L1000_DILI
Predict drug-induced liver injury (DILI) based on the transcriptomic profiless from LINCS L1000.
Data
Drug based splitting data
As the space is limited in the github, the drug based splitting data were uploaded in the link (https://www.synapse.org/#!Synapse:syn22910750/files/).
- drug_split_index.pickle includes the compound name, DILI label, training and test index for 50 drug based splitting DNN models, and expression values of 978 landmark genes.

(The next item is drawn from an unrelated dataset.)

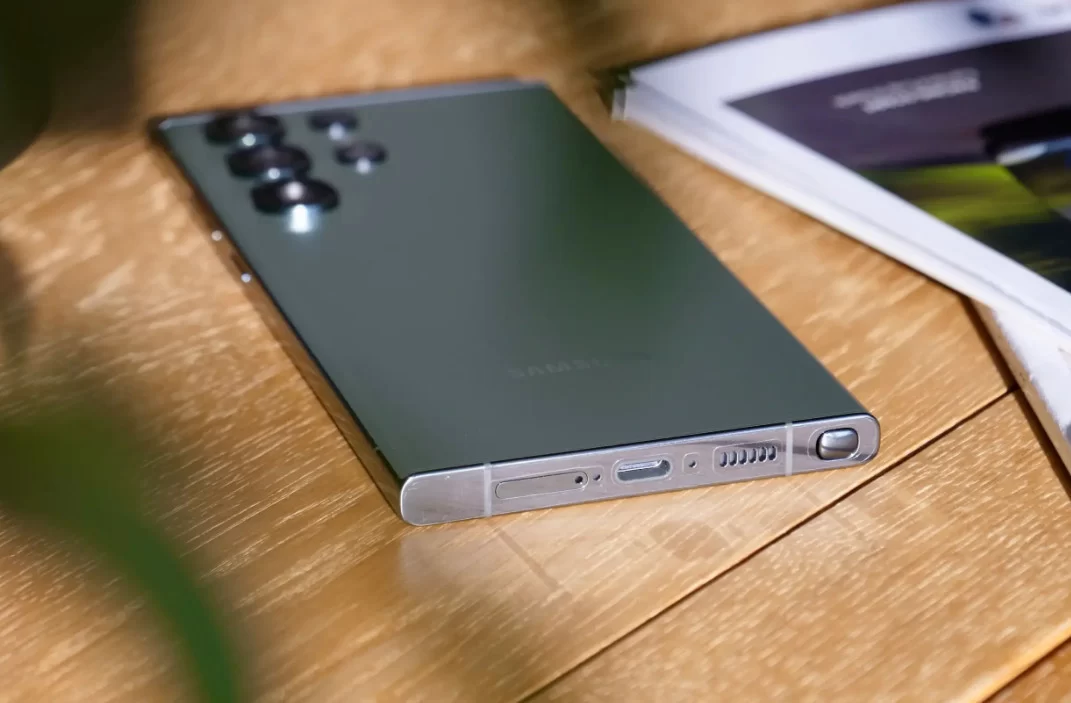 Ahşap masa üzerinde arka yüzü görünen Samsung Galaxy S23 Ultra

- The folder "model_weights_50" includes 50 DNN models with drug based splitting methods.
Transcriptomic profiles
- The transcriptomic profiles ID used in this study is included in the 6000_transcriptomic_profiles_id.xlsx table. The transcriptomic profiles were extracted from the website (https://www.ncbi.nlm.nih.gov/geo/query/acc.cgi?acc=GSE92742). Please use the read_gctx_data.ipynb to extract the transcriptomic profiles.
Methods
- In the conventional_models, We applied algorithms of k-Nearest Neighbors, Support Vector Machine and Random Forest to predict DILI. For each algorithm, the hyperparameters were optimized. The optimized model (model with the optimized parameters) was used to make predictions.
- In the deep neural network (DNN), we used a fully connected 8 layers of DNN to predict DILI. The hyperparameters of activation function and optimizer were optimized. The optimized model was provided in the file named optimized_model.h5.